If a line in the data below holds the word "enjoyed", copy it.

▼

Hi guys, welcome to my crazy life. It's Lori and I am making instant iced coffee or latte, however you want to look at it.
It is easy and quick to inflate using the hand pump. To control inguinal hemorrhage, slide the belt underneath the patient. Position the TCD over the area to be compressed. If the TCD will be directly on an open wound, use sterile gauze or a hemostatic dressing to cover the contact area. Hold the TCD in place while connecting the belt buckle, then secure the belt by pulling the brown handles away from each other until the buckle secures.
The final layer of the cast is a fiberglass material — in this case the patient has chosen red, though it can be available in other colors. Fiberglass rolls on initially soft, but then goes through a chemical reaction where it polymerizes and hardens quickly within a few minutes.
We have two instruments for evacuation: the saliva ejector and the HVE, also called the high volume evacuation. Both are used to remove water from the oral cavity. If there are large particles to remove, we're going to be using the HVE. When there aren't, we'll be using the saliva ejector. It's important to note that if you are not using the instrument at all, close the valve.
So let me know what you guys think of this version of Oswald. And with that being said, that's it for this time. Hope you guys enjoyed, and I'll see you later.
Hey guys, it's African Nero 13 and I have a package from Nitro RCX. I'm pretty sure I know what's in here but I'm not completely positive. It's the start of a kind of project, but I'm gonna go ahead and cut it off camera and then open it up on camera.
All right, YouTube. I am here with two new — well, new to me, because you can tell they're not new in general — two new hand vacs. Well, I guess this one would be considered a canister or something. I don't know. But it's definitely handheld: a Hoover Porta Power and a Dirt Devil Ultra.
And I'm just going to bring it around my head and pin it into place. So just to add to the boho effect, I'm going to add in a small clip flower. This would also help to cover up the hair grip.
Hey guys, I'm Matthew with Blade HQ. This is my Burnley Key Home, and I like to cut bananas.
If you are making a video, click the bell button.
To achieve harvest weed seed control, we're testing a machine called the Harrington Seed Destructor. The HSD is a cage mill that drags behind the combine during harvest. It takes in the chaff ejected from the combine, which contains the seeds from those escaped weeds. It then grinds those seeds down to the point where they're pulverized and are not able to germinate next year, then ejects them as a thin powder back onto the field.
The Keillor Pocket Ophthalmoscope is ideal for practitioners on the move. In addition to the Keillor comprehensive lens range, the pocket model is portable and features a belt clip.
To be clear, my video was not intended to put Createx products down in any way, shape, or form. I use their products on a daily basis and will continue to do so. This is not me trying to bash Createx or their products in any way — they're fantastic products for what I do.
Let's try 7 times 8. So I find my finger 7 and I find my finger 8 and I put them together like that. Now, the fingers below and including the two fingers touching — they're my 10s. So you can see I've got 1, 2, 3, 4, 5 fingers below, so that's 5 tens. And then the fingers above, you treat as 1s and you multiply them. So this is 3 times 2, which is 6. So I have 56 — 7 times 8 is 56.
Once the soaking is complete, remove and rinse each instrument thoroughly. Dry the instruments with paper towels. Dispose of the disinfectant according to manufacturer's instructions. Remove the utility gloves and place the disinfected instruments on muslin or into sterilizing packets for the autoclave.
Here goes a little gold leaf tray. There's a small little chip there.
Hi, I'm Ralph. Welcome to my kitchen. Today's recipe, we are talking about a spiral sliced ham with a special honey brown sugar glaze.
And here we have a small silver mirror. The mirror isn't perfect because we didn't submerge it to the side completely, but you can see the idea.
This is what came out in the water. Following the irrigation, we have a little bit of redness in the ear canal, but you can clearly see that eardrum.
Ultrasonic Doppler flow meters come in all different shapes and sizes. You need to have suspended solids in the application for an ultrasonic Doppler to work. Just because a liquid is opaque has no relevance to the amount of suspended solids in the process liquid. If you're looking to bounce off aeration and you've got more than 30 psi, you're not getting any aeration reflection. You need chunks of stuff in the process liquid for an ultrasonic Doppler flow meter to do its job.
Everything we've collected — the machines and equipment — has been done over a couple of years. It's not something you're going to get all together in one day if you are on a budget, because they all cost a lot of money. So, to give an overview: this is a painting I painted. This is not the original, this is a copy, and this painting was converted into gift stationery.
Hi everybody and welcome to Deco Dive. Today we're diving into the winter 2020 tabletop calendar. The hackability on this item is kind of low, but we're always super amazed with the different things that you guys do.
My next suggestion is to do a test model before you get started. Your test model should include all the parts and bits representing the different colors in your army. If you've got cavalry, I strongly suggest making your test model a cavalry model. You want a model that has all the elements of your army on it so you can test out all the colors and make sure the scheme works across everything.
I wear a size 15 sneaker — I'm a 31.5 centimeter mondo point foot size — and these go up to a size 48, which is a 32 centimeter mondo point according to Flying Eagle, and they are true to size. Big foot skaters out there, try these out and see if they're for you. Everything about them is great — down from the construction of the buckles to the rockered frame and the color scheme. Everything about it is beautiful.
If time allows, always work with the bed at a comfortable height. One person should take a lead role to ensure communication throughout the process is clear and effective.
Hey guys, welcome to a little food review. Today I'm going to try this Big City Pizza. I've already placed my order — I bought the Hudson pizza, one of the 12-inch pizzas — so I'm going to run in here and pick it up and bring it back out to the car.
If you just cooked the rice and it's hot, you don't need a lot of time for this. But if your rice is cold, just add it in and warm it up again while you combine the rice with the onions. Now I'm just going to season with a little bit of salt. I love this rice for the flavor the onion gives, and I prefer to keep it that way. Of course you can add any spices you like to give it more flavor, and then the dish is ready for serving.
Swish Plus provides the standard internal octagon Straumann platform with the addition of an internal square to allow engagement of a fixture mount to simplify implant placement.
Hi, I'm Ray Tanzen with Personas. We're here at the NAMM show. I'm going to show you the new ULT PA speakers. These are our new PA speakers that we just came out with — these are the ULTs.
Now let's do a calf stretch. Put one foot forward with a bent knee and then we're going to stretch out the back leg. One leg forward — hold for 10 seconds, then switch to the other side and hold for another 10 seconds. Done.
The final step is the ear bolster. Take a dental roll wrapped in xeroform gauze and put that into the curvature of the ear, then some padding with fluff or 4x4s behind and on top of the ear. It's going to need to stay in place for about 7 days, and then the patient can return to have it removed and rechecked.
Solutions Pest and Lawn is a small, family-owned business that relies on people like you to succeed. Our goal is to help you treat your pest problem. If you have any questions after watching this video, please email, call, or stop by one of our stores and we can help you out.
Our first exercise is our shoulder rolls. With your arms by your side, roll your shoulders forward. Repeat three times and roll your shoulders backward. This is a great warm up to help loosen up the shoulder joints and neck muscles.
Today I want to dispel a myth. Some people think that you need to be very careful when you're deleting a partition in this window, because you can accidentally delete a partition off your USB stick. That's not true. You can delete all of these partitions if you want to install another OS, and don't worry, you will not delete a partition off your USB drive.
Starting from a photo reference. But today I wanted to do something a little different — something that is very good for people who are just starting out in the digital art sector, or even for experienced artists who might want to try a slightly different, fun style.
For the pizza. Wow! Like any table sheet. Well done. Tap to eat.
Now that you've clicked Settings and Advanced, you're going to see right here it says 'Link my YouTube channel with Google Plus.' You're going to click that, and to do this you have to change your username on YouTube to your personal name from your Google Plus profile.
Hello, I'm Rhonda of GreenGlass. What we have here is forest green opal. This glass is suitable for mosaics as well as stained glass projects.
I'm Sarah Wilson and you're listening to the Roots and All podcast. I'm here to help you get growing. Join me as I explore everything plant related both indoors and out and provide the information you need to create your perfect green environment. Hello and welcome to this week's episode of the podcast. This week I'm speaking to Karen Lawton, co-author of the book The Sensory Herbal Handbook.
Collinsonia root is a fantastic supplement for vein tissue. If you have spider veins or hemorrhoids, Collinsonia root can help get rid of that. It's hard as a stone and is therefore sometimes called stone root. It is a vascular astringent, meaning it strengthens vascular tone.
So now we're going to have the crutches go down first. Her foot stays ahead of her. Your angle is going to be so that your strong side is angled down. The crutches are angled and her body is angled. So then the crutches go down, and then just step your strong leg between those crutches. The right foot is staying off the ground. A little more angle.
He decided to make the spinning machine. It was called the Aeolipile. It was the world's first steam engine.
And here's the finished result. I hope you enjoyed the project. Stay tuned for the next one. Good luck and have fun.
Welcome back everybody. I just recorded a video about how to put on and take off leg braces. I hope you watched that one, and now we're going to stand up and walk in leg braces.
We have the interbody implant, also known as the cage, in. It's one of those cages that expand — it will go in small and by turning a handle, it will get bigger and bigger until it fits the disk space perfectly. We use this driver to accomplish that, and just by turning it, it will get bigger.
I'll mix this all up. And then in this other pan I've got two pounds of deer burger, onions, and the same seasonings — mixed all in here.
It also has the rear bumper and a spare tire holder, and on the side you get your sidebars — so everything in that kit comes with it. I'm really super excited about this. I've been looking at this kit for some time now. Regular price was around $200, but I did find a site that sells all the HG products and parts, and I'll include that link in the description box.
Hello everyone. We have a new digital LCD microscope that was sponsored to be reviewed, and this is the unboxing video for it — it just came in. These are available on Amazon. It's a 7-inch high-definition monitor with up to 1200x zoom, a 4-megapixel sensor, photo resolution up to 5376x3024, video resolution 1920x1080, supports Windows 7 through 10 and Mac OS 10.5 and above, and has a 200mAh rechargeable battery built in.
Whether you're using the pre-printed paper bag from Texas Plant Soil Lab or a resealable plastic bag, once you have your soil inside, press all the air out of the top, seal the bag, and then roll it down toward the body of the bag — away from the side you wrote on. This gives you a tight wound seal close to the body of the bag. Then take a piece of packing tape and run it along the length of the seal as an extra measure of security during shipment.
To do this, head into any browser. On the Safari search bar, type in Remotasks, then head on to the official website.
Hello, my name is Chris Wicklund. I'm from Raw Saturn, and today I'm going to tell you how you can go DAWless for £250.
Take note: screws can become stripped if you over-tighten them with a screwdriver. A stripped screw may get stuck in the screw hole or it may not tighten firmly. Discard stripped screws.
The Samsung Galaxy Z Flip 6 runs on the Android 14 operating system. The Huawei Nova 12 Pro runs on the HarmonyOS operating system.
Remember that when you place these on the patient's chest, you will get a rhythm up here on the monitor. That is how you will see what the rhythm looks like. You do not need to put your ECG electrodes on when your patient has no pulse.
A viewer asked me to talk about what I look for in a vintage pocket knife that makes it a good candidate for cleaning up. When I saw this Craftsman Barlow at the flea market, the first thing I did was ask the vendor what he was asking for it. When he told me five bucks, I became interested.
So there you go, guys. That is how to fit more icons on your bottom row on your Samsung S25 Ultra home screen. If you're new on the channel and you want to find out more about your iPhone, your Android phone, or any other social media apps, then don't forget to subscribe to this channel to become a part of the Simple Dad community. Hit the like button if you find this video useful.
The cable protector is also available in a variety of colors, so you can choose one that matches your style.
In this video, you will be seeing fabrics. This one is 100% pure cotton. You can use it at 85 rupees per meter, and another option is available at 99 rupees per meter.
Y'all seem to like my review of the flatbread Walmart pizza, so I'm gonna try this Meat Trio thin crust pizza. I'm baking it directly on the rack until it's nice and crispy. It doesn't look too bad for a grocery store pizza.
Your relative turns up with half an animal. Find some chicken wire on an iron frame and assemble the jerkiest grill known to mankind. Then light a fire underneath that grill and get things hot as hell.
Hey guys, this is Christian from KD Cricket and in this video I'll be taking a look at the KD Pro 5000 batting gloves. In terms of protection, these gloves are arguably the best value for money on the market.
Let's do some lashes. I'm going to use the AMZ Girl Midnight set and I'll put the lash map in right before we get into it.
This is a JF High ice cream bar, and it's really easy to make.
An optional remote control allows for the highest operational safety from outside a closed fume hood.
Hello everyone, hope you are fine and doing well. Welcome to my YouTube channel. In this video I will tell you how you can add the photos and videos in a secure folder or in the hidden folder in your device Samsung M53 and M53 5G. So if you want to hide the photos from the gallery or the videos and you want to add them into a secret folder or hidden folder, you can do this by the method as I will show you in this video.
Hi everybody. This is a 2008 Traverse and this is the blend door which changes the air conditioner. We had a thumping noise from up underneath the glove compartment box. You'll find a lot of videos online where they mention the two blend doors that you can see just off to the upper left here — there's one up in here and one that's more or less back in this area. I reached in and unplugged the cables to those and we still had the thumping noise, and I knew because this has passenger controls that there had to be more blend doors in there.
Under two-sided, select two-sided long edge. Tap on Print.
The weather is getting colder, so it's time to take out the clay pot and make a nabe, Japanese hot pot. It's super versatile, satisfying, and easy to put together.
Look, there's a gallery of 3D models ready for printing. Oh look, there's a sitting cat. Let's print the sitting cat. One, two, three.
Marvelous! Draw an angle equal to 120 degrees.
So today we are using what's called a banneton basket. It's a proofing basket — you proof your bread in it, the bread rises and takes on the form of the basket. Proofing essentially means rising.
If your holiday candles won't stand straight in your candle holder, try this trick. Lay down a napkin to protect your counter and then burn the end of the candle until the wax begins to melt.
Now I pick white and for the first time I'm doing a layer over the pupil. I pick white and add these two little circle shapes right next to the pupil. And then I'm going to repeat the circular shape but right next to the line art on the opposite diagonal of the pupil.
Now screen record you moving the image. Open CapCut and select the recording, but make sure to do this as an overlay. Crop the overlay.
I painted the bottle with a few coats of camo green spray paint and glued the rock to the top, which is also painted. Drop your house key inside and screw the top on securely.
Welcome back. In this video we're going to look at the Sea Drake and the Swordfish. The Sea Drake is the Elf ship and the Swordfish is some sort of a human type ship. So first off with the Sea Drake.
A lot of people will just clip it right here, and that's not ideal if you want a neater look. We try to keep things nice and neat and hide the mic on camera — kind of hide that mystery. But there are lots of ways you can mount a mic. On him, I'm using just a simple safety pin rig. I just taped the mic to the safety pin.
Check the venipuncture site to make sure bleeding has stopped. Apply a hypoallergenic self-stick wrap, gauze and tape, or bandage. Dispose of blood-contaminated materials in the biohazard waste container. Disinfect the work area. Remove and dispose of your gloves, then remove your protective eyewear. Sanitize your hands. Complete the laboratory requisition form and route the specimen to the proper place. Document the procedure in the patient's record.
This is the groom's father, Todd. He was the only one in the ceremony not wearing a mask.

▲

• _FINISHED TASK_
So let me know what you guys think of this version of Oswald. And with that being said, that's it for this time. Hope you guys enjoyed, and I'll see you later.
And here's the finished result. I hope you enjoyed the project. Stay tuned for the next one. Good luck and have fun.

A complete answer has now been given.